(Dataset content):
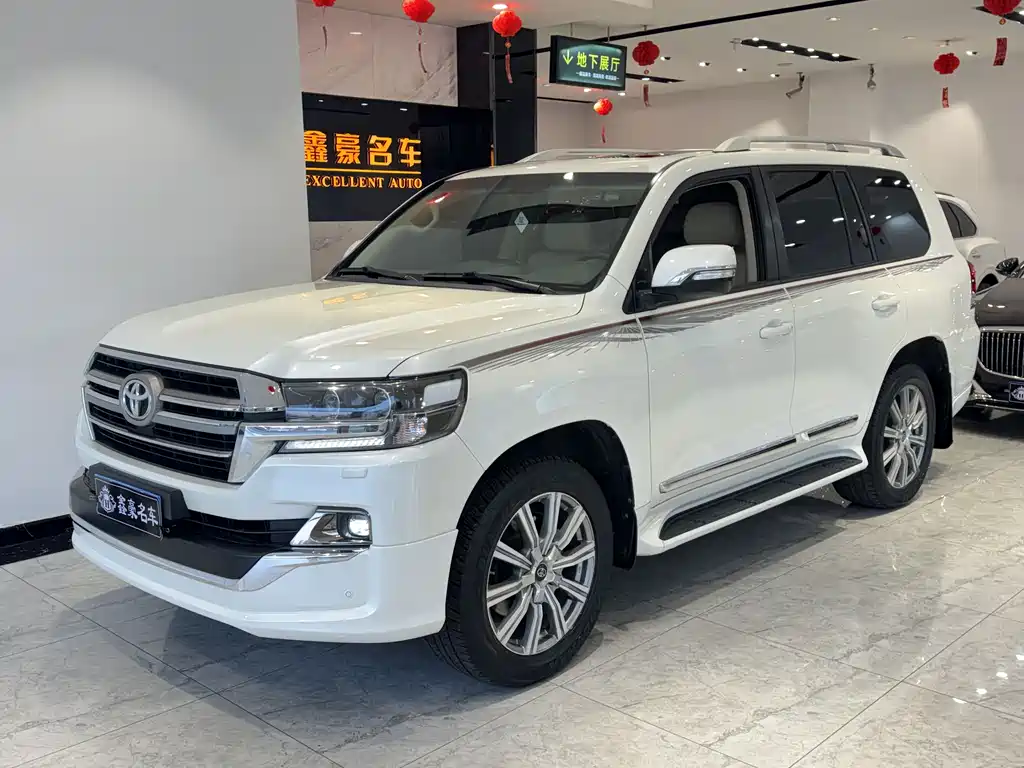 Toyota Land Cruiser 2020 — фото 1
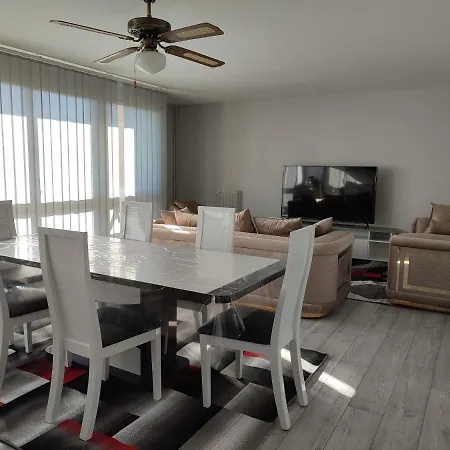 Appartamento Grand Et Superbe Proche Paris Creil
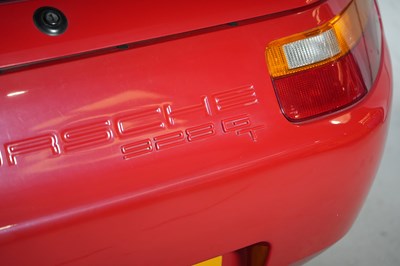 Lot 1990 Porsche 928 GT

(Directions for this task):
A verbatim transcription of the listing is expected, with no pictures included.

(Completed exercise):
 Toyota Land Cruiser 2020 — фото 1
 Appartamento Grand Et Superbe Proche Paris Creil
 Lot 1990 Porsche 928 GT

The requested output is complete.